What they discovered stunned them.
“Our intelligence estimates were totally wrong,” said Bob Drabant, an analyst brought into the program to translate raw data into usable EM (Energy Maneuverability) diagrams. “We thought the MiG-23 couldn’t accelerate. Turns out, it could outrun an F-15 in the right scenario. But it turned like a brick.”
These revelations forced a rewrite of U.S. air combat doctrine. Previously, American pilots had been taught to avoid turning fights with the MiG-23 and instead try to outpace it. Now, the opposite was true.
Into the Shadows
HAVE PAD proved to be the tipping point. Over the next few years, at least 17 more MiG-23s arrived from Egypt, along with MiG-23BN strike variants and even a handful of Sukhoi Su-7 and Su-20 fighter-bombers. Each was analyzed, tested, and in many cases flown operationally by U.S. pilots.
But even as the technical data flowed, the program’s operational arm remained covert. The Aggressors continued flying F-5Es, but those in the know had access to much more. Red Hats and select TAC pilots flew real MiGs in engagements against F-15s, F-16s, and Navy F-14s—providing insights no simulator could replicate.

The lessons learned went beyond airframe performance. The MiGs’ cockpit ergonomics, visibility limitations, and engine response times were all studied and fed into training syllabi. The Aggressors improved their simulation of Soviet tactics. Red Flag scenarios evolved. The training got sharper, deadlier.
Still, very few pilots outside the program knew what was happening. When they did, it came as a shock.

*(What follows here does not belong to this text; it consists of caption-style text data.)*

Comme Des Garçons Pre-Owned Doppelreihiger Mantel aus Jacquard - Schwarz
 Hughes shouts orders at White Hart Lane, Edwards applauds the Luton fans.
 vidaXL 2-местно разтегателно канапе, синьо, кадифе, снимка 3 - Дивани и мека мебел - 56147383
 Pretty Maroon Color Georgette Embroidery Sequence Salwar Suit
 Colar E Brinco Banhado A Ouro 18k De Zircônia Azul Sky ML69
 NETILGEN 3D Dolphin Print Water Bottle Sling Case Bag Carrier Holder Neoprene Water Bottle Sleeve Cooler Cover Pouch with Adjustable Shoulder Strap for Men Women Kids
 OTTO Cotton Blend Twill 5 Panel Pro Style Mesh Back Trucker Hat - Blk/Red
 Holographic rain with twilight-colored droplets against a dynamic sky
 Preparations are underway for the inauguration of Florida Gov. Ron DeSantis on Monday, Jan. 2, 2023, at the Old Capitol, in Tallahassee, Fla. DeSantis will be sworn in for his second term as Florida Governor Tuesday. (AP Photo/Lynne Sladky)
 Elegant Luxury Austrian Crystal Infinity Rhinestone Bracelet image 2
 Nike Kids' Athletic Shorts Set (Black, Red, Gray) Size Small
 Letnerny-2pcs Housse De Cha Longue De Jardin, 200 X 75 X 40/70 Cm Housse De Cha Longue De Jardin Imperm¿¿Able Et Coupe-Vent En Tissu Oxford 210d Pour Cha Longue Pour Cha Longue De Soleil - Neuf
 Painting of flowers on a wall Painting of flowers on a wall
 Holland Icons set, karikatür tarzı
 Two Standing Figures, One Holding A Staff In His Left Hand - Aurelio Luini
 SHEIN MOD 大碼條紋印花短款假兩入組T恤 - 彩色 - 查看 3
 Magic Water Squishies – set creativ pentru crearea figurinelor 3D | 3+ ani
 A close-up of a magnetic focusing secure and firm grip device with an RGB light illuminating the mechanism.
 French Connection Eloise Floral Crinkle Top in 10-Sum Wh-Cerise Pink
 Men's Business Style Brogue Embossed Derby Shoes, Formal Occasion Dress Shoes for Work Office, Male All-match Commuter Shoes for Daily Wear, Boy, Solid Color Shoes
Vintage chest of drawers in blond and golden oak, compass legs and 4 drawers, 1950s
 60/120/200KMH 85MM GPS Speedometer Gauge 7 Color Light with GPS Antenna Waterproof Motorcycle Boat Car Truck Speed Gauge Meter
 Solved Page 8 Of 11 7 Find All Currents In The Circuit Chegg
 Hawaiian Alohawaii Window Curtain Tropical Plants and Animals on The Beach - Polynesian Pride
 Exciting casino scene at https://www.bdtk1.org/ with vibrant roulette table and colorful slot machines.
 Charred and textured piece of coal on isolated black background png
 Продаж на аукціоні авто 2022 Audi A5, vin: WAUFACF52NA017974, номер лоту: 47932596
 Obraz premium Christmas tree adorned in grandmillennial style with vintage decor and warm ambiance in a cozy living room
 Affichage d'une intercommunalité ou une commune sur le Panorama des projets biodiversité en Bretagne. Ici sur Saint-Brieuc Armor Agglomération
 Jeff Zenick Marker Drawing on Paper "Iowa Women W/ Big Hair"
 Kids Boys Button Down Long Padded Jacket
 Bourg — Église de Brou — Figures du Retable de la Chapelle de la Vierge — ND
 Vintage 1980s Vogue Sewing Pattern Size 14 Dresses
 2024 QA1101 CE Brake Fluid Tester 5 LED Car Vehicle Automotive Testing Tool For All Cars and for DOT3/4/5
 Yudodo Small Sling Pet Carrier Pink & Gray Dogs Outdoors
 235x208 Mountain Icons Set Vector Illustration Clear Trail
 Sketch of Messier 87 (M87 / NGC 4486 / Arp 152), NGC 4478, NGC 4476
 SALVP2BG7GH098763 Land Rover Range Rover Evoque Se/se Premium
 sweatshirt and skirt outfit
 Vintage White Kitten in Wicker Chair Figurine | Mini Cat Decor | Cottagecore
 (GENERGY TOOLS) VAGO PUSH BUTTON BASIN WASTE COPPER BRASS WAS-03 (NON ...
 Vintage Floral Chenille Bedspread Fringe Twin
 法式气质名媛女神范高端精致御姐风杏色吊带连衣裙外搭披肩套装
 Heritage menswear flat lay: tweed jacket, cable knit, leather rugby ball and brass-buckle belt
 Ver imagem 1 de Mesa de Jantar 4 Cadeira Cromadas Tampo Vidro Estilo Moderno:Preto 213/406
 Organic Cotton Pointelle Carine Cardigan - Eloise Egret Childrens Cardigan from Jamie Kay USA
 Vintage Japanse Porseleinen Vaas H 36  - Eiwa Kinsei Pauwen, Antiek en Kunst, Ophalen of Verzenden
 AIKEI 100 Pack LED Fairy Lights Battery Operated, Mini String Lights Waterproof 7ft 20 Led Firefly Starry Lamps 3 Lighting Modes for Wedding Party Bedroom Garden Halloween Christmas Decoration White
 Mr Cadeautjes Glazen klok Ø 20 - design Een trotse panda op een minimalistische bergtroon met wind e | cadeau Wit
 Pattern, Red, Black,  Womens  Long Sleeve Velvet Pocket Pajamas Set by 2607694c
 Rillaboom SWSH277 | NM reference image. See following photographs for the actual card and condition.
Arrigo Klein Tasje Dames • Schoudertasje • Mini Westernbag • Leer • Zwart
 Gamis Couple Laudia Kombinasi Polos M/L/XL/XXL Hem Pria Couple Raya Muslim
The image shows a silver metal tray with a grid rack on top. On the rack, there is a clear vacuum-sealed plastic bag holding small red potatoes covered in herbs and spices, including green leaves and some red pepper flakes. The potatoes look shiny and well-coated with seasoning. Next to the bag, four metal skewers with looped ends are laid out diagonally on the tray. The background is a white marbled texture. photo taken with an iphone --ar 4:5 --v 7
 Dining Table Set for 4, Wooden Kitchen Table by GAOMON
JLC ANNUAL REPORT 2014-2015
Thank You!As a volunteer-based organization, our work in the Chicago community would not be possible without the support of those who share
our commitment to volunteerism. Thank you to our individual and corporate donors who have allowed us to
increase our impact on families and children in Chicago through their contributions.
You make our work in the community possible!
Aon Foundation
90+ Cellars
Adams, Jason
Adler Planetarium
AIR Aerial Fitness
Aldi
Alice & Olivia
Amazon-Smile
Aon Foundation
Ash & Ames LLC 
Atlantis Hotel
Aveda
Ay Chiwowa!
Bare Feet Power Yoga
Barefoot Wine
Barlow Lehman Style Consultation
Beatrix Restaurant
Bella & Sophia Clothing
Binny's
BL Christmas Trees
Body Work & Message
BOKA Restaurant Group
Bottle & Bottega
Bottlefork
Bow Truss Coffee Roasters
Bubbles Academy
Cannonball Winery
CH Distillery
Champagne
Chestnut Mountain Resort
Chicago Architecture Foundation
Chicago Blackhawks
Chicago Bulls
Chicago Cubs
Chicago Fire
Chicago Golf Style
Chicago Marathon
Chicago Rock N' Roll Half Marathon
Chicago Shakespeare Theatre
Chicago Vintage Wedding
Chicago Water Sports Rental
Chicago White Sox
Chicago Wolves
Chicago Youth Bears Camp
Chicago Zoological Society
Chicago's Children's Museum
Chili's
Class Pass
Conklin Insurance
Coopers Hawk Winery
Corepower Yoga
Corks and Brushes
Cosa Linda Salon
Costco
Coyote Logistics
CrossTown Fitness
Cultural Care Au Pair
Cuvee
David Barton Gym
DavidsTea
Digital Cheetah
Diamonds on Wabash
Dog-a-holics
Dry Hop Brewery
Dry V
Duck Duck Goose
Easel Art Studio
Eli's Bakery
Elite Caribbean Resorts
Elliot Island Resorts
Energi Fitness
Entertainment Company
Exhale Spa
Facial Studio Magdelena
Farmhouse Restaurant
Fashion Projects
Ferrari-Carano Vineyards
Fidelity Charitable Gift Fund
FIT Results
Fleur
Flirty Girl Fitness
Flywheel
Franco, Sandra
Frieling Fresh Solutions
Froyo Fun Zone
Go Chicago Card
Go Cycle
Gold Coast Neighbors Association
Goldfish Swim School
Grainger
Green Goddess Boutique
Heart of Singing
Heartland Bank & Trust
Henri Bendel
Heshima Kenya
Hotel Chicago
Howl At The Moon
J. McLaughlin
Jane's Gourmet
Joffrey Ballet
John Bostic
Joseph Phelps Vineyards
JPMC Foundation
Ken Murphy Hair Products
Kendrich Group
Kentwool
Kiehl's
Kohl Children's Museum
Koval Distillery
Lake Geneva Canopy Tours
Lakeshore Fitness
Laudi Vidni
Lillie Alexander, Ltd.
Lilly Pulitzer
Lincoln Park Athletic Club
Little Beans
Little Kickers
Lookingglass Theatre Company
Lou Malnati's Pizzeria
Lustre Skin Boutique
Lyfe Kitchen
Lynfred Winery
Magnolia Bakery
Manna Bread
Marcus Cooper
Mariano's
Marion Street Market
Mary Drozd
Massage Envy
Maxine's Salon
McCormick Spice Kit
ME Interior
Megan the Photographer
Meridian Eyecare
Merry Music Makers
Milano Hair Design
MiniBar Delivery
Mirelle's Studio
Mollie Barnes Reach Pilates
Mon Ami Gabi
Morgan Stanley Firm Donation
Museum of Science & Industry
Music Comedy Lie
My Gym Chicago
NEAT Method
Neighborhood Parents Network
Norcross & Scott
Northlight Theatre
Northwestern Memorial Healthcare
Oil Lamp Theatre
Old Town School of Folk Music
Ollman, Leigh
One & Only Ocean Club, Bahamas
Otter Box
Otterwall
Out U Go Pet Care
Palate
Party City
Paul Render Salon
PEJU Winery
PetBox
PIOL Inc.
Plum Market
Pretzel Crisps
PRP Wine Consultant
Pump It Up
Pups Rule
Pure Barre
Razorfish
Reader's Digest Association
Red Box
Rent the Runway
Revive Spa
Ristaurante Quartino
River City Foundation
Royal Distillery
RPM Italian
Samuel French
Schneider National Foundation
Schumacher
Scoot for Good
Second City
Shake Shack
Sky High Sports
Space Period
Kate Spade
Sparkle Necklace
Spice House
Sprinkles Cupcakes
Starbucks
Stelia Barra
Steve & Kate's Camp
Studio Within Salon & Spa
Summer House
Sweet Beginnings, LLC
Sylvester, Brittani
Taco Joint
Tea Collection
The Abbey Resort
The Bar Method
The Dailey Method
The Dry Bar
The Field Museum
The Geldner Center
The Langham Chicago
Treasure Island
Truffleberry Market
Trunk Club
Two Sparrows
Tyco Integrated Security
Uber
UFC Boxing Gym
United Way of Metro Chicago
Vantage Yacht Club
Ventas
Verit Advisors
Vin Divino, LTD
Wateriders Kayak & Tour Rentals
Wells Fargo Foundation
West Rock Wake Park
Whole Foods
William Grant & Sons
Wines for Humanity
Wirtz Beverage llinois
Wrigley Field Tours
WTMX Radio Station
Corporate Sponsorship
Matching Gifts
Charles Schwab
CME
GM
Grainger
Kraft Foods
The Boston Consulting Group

“You get on an airplane, fly somewhere, get off, and walk into a hangar,” recalled one pilot. “You say, ‘Holy shit!’ and they laugh and tell you if you talk, they’ll kill you. Then you fly back.”
A Legacy in Red
By the late 1970s, the idea of a dedicated MiG squadron began to take shape. The seeds planted by O’Neill, Peck, and others during HAVE IDEA would grow into the 4477th Test and Evaluation Flight—better known as the Red Eagles—a unit that operated an entire squadron of Soviet jets for dissimilar air combat training (DACT).
But the groundwork had been laid years earlier in the shadows of Groom Lake, with a handful of Aggressors and Weapons School instructors flying black jets under fake tail numbers, using false identities, and logging hours that could never be recorded.
Their work changed everything. Tactics manuals were rewritten. Threat assessments were corrected. And for the first time in the Cold War, American pilots entered combat with a truly accurate understanding of what they were up against.
To this day, few know the names of the men who flew those first MiGs for TAC. Fewer still know how close we came to misunderstanding the enemy—and how a group of quietly audacious pilots and spies made sure that didn’t happen.